We recently stayed at the St. Regis Bahia Beach Resort----it is wonderful, although extremely expensive.  We used Starwood points as did everyone we met.  The El Conquistador Resort is also fantastic and it has a far larger selection of on property restaurants-it also has casitas which you can rent.  The casitas have up to two bedrooms.  Both properties are near the rain forest.  Have a nice time.


----------



## MommaBear (Jul 21, 2011)

We stayed at the Sheraton Old San Juan. It is a very interesting old city with most things within easy walking distance as well as a free bus that goes to every tourist destination if your legs get tired. The hotel also happens to be a casino, which is not our thing but it is the kind of casino you can visit or not as you please. The restaurants were pleasant and there are plenty of restaurants in walking distance. You can arrange for a car and driver to the rain forest for a reasonable price if you desire. There is a small rooftop pool. This is NOT the place for you if you are looking for a laid back beach or resort experience. I so not know if they have any kids' activities. Have fun!


----------



## Weimaraner (Jul 21, 2011)

I just stopped into Puerto Rico for a day on a cruise so can't make timeshare recs. However you've got to go on the Bioluminescent Bay kayak tour - really interesting sight to see.


----------



## brigechols (Jul 21, 2011)

We stayed at the Ritz-Carlton. You can have adjoining rooms on the club level floors to accommodate a family of five.  Great on-site restaurants.
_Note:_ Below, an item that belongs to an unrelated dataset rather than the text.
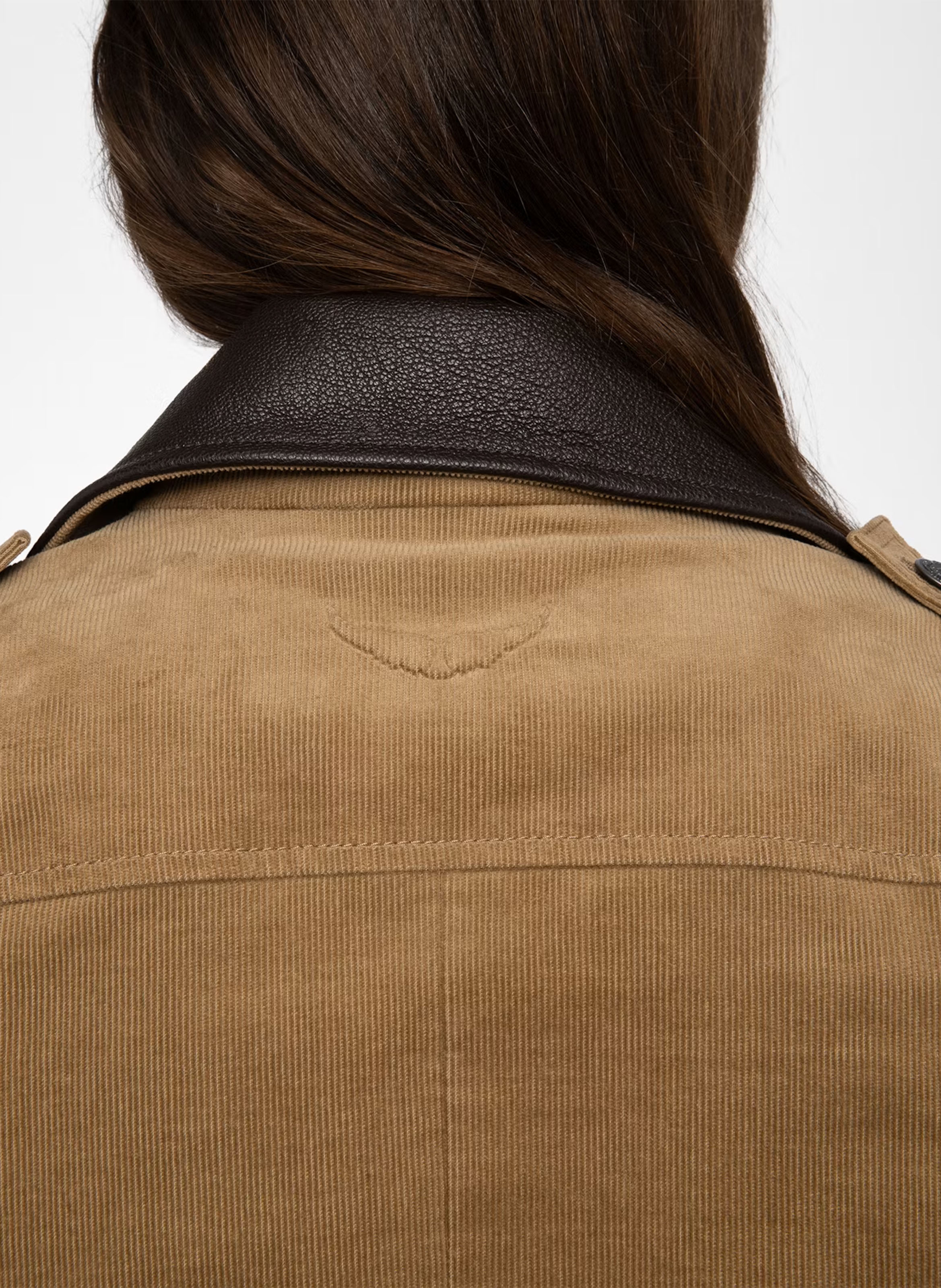 Straight ribbed cotton blend jacket ZADIG&VOLTAIRE Beige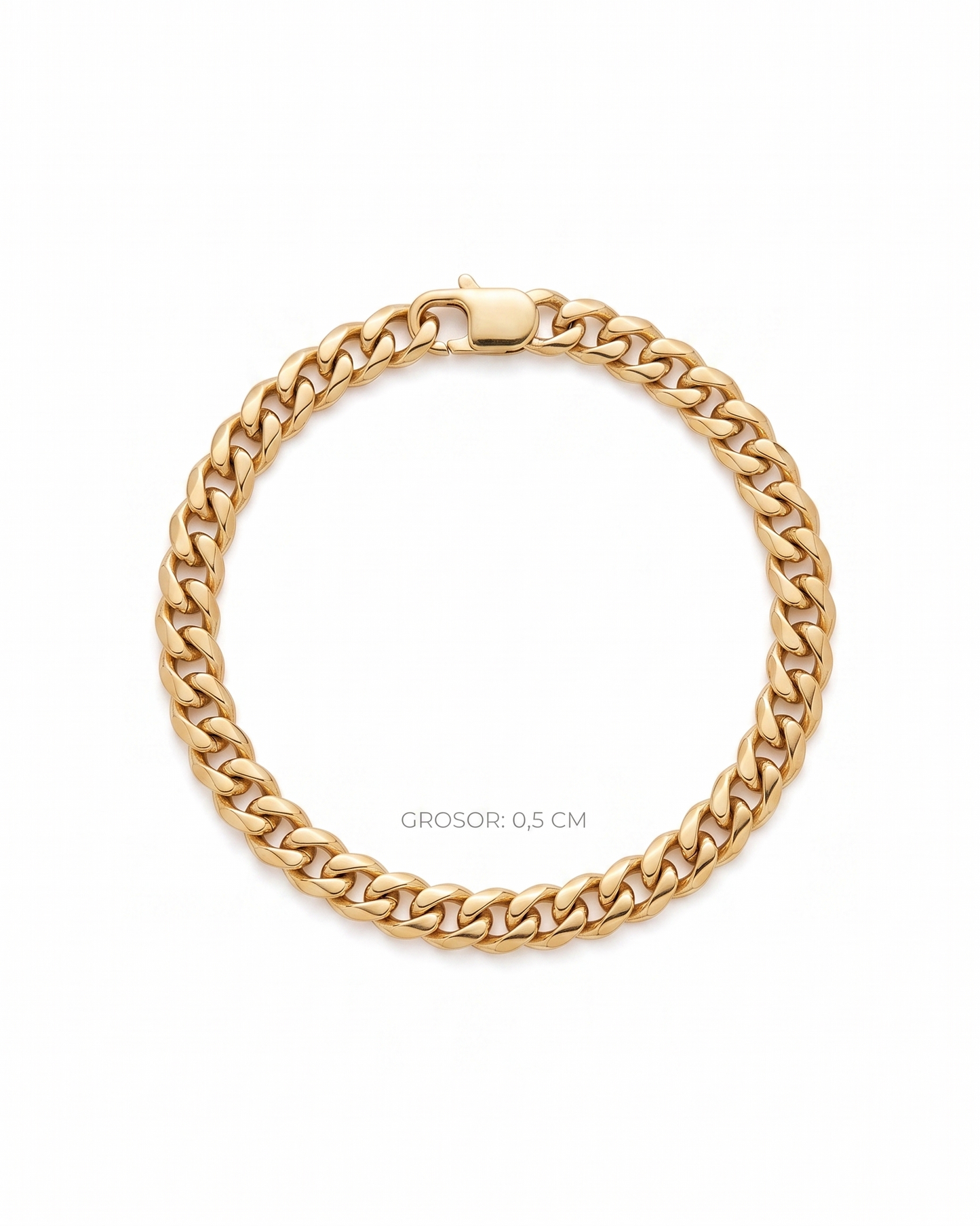 Pulsera de eslabón Grumet plano en oro 10K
Pool and beach are awesome. Small on-site casino where DH enjoyed playing blackjack.


----------



## Passepartout (Jul 21, 2011)

And now for something completely different! You don't mention your budget, and this may be toward the higher end. We stayed in this place last Fall, both pre-and post- cruise It's extremely well located in Old San Juan. Walking distance to everything there. Fortress, shops, restaurants. It's an overgrown B&B and the owners live on site. Sort of elegantly crumbling decay of 300 year old buildings lovingly combined. (think Venice-like) There's a wine reception with live music every night. The owner is an artist and you will go home with a piece of her art and the friendship of 3 large tropical birds. http://www.thegalleryinn.com/home.htm

We rented a car from Charlie's from the SJ airport and returned it (before 5pm!) near Old SJ. You would need a car to go out to the rainforest preserve.

Jim Ricks


----------



## dogwood7 (Jul 21, 2011)

Thank you all so far for the great information. I am learning a lot. I am open on my budget but don't need to be extreme.


----------



## Free2Roam (Jul 22, 2011)

Wyndham Rio Mar is lovely... it's next to the rainforest. I spent my birthday there last year and can't wait to go back.


----------



## Passepartout (Jul 22, 2011)

FreeIn2010 said:


> Wyndham Rio Mar is lovely... it's next to the rainforest. I spent my birthday there last year and can't wait to go back.



We were there for a conference last year before we stayed in OSJ (see #6 above) No operational wi-fi. A/C didn't work so I had to wait an entire day in a soaking wet room to move. Pay parking 2 blocks from the room(s). Very disappointed with Wyndham. Wrote them and the reply was , "We were full, so you get what you get". Glad others had good experiences at this resort. We didn't.

Jim


----------



## Janis (Jul 23, 2011)

We had a very positive experience at the Wyndham Rio Mar. Rooms were beautiful, beach was gorgeous, pools were lovely, and mojitos were cold.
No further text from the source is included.